Please give back word for word the lines below, from the first one through the one with "22 - 25 September".
───── SOURCE DATA
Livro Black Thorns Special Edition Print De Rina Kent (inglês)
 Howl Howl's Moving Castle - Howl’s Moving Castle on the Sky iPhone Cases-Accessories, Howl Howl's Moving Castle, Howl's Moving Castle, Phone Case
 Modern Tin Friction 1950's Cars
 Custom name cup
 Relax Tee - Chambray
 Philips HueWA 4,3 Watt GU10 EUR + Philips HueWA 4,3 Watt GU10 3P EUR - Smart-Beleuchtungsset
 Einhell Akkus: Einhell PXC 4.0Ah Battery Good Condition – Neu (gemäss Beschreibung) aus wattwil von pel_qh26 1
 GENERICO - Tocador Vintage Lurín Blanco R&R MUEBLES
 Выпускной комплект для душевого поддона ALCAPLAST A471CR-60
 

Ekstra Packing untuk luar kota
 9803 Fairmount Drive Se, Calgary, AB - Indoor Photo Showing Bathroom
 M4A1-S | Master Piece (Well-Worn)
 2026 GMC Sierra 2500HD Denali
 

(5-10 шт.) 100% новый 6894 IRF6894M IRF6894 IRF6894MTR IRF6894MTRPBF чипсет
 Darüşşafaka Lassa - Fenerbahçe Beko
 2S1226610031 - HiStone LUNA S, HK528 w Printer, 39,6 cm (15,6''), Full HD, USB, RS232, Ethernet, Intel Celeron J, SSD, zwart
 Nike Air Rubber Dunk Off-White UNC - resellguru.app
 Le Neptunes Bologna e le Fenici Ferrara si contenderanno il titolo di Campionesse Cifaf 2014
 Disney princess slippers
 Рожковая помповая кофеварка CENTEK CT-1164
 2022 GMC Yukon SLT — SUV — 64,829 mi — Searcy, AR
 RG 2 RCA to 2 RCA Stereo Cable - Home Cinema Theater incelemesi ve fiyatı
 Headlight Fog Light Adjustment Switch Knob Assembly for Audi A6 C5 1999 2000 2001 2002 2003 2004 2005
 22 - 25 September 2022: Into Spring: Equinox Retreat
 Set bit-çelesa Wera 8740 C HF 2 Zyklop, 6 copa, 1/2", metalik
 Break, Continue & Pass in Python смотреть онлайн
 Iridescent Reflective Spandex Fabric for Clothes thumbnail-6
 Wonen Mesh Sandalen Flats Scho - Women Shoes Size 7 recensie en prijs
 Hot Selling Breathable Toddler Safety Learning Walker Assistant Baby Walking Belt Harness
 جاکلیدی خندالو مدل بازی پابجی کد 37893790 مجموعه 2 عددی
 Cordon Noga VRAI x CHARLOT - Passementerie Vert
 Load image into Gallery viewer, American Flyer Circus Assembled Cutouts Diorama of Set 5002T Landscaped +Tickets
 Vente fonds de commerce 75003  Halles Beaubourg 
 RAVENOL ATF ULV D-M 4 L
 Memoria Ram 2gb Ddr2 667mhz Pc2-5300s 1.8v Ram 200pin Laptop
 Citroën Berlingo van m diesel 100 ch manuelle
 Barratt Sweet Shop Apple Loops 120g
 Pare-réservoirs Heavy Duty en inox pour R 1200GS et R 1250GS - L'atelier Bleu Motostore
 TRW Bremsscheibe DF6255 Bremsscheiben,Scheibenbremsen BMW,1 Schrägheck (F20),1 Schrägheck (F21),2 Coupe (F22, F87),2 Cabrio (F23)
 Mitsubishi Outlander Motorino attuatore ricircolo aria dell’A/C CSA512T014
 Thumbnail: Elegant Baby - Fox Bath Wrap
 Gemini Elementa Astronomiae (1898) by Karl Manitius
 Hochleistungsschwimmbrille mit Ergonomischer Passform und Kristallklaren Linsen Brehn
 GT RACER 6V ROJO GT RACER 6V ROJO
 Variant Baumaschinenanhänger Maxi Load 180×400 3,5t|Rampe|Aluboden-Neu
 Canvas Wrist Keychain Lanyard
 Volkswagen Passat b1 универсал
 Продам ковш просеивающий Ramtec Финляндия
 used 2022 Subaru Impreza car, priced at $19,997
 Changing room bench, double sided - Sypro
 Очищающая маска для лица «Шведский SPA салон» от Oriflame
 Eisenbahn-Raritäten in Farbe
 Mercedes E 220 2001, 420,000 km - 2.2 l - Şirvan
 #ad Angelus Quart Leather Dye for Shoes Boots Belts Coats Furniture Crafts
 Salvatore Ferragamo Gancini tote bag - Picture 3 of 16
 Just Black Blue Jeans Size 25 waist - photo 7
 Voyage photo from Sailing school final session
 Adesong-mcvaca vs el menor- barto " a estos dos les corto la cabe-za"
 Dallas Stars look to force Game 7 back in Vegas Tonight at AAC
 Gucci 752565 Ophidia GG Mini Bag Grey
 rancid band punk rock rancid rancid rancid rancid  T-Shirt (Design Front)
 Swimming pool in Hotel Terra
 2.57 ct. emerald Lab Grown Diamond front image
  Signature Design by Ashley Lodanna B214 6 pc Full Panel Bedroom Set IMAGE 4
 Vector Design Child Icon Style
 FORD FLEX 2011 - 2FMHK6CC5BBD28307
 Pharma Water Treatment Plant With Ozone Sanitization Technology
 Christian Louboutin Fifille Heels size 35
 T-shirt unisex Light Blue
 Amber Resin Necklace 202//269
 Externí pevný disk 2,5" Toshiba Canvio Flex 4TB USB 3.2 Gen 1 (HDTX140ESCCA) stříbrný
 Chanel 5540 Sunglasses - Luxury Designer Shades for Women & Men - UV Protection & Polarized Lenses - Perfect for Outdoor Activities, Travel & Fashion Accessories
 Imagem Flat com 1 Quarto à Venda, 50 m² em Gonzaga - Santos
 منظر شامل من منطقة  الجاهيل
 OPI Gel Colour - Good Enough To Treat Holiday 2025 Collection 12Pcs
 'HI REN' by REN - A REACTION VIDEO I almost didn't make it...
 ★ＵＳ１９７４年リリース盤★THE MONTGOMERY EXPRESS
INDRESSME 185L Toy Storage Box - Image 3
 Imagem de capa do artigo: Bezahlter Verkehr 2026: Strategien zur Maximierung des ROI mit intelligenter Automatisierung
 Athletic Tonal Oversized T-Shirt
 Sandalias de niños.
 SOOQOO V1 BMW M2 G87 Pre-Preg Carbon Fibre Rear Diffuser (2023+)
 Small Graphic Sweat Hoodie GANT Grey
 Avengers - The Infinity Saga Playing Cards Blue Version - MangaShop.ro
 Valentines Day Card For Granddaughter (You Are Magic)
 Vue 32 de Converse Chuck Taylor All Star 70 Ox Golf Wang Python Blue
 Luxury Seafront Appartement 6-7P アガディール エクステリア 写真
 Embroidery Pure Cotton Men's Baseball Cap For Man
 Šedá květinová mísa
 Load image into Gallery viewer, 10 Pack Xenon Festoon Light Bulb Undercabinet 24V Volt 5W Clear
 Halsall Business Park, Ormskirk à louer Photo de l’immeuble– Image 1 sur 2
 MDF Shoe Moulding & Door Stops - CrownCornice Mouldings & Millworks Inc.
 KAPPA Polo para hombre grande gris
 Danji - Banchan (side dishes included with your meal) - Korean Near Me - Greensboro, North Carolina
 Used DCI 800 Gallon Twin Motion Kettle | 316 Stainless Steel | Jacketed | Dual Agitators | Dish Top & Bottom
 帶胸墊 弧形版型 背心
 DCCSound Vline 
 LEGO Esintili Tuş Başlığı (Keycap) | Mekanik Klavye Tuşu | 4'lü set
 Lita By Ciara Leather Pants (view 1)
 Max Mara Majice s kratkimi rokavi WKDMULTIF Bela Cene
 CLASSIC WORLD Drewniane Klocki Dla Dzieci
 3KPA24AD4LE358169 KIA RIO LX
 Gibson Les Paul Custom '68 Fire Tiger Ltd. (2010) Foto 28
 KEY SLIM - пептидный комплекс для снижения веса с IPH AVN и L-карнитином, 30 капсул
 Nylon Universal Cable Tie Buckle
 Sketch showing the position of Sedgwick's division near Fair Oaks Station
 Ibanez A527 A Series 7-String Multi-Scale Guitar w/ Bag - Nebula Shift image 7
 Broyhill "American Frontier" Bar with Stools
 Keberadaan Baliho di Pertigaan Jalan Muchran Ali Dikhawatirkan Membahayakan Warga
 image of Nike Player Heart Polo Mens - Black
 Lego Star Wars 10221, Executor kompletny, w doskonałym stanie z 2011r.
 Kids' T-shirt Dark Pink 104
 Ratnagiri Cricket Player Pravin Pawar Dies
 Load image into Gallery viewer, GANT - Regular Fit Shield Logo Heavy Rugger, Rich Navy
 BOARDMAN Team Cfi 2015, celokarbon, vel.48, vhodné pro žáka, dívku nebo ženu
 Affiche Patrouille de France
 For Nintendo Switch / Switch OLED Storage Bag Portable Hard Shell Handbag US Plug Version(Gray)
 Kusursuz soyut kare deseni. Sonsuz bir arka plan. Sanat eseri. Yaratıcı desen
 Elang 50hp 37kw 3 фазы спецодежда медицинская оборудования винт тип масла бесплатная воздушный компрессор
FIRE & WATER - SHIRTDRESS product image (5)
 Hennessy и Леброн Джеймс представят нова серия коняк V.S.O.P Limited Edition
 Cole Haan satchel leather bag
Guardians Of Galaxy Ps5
──────────
### RESULT OF THIS EXERCISE
Livro Black Thorns Special Edition Print De Rina Kent (inglês)
 Howl Howl's Moving Castle - Howl’s Moving Castle on the Sky iPhone Cases-Accessories, Howl Howl's Moving Castle, Howl's Moving Castle, Phone Case
 Modern Tin Friction 1950's Cars
 Custom name cup
 Relax Tee - Chambray
 Philips HueWA 4,3 Watt GU10 EUR + Philips HueWA 4,3 Watt GU10 3P EUR - Smart-Beleuchtungsset
 Einhell Akkus: Einhell PXC 4.0Ah Battery Good Condition – Neu (gemäss Beschreibung) aus wattwil von pel_qh26 1
 GENERICO - Tocador Vintage Lurín Blanco R&R MUEBLES
 Выпускной комплект для душевого поддона ALCAPLAST A471CR-60
 

Ekstra Packing untuk luar kota
 9803 Fairmount Drive Se, Calgary, AB - Indoor Photo Showing Bathroom
 M4A1-S | Master Piece (Well-Worn)
 2026 GMC Sierra 2500HD Denali
 

(5-10 шт.) 100% новый 6894 IRF6894M IRF6894 IRF6894MTR IRF6894MTRPBF чипсет
 Darüşşafaka Lassa - Fenerbahçe Beko
 2S1226610031 - HiStone LUNA S, HK528 w Printer, 39,6 cm (15,6''), Full HD, USB, RS232, Ethernet, Intel Celeron J, SSD, zwart
 Nike Air Rubber Dunk Off-White UNC - resellguru.app
 Le Neptunes Bologna e le Fenici Ferrara si contenderanno il titolo di Campionesse Cifaf 2014
 Disney princess slippers
 Рожковая помповая кофеварка CENTEK CT-1164
 2022 GMC Yukon SLT — SUV — 64,829 mi — Searcy, AR
 RG 2 RCA to 2 RCA Stereo Cable - Home Cinema Theater incelemesi ve fiyatı
 Headlight Fog Light Adjustment Switch Knob Assembly for Audi A6 C5 1999 2000 2001 2002 2003 2004 2005
 22 - 25 September 2022: Into Spring: Equinox Retreat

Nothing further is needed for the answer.